The regexp module provides a regular expression compiler and a matcher engine. Both correspond to regular expressions as defined by the ECMAScript specification, ES-262 3rd edition (download here), plus some extensions (documented below).
Compatibility with the ECMAScript specification is a nonnegotiable requirement: the ECMAScript engine uses the regexp module for its regular expression work.
The current version, fsa_1, was extracted from the linear_b_2 and futhark ECMAScript engines. Its focus is on correctness, footprint, and low memory use, and not so much on performance.
There are several use cases for this module:
The engine exports a convenient API for use by other modules that need to do basic regular expression matching, and a less convenient API for use by the ECMAScript engine.
Generated API documentation, if you've run Doxygen on this module.
There are no features used or defined by this module.
For footprint-constrained systems the module can be configured to use a subset engine. This accepts a "useful" subset of the regular expression language, and saves a few KB of code. However, if you use this you will run into sites that don't work, and perhaps other regressions.
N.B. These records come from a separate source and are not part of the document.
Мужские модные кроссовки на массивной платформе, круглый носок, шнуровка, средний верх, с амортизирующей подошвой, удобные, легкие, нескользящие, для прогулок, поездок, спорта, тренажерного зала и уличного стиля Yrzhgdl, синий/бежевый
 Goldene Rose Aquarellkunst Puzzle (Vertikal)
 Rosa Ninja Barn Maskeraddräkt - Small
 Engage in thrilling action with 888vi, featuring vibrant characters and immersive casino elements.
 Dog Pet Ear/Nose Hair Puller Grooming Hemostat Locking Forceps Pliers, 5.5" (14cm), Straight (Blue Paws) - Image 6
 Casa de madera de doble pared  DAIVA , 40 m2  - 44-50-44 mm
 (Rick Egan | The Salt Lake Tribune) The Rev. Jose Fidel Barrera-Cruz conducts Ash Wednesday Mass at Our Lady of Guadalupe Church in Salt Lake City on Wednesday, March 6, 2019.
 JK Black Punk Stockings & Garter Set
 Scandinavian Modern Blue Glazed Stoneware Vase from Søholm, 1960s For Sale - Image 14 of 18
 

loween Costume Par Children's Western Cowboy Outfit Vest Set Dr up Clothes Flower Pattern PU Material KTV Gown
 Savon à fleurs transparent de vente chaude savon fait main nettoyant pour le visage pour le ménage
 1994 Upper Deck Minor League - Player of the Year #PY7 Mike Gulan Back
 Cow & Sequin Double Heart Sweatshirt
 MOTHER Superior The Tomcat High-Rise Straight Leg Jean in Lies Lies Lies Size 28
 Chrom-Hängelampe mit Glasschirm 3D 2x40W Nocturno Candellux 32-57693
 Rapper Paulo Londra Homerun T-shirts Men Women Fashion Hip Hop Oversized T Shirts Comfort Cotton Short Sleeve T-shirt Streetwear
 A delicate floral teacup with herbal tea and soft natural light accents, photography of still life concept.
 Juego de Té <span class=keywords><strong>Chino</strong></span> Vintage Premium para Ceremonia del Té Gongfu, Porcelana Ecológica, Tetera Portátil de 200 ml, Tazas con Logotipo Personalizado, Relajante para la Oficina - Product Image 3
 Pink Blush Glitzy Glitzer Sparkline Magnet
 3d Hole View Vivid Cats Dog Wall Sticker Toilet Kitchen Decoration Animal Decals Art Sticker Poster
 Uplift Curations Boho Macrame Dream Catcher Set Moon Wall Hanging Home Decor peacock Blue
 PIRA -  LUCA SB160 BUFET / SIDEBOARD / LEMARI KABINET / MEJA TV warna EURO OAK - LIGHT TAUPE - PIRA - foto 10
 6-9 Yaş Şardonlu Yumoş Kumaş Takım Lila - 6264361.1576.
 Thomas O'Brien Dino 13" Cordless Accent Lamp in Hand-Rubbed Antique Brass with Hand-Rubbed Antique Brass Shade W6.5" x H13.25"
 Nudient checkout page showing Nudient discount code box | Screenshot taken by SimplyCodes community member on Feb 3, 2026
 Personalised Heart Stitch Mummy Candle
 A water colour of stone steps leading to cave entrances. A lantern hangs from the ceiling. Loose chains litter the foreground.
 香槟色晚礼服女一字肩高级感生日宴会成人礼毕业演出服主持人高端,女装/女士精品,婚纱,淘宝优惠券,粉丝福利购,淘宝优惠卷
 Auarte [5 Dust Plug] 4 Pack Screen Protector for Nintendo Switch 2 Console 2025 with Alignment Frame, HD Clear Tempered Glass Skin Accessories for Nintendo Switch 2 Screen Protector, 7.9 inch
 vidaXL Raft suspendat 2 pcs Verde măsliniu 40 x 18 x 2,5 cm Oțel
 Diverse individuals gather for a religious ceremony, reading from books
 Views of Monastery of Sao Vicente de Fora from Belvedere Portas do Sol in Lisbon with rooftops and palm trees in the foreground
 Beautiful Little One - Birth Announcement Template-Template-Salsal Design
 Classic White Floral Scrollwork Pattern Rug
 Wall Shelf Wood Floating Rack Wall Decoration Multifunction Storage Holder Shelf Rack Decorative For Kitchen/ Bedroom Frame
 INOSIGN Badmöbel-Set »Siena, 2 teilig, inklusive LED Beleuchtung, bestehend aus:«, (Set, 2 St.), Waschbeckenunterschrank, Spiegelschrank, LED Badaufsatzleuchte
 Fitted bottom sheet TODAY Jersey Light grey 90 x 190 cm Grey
The subset engine is not very well tested.
The subset engine is controlled by TWEAK_REGEXP_SUBSET; see the file module.tweaks for more information.
A brief summary of extensions:
For more information search the module sources for the string REGEXP_STRICT (this setting can be controlled by TWEAK_REGEXP_STRICT). Each extension is documented in the source.
There are two APIs, the OpRegExp API and the
RegExp API. The former API is a simple wrapper around
the latter. It has no interfaces that Leave, and storage management
is by simple deletion of the OpRegExp object. For this
reason, only the RegExp API will be covered in the
following. Most points apply to the OpRegExp API as
well.
Regular expressions (RegExp objects) are simple
abstract data types. One is created by invoking
new RegExp and then calling the Init()
method on the object. RegExp objects can be shared and
contain a reference counter, initially 1. When you want to delete it,
just call DecRef() on the RegExp object. If
the counter is 0, the object will be deleted immediately.
If the call to Init() fails for any reason then the
RegExp cannot be used. Delete it by calling
DecRef().
If Init() succeeds, then the RegExp
represents a compiled regular expression and it has some local
heap-allocated data. These data are deleted when the
RegExp object is deleted.
A RegExp object can then be used for multiple
matchings. Some heap memory is allocated during matching for working
storage, but is always deallocated before the matcher returns.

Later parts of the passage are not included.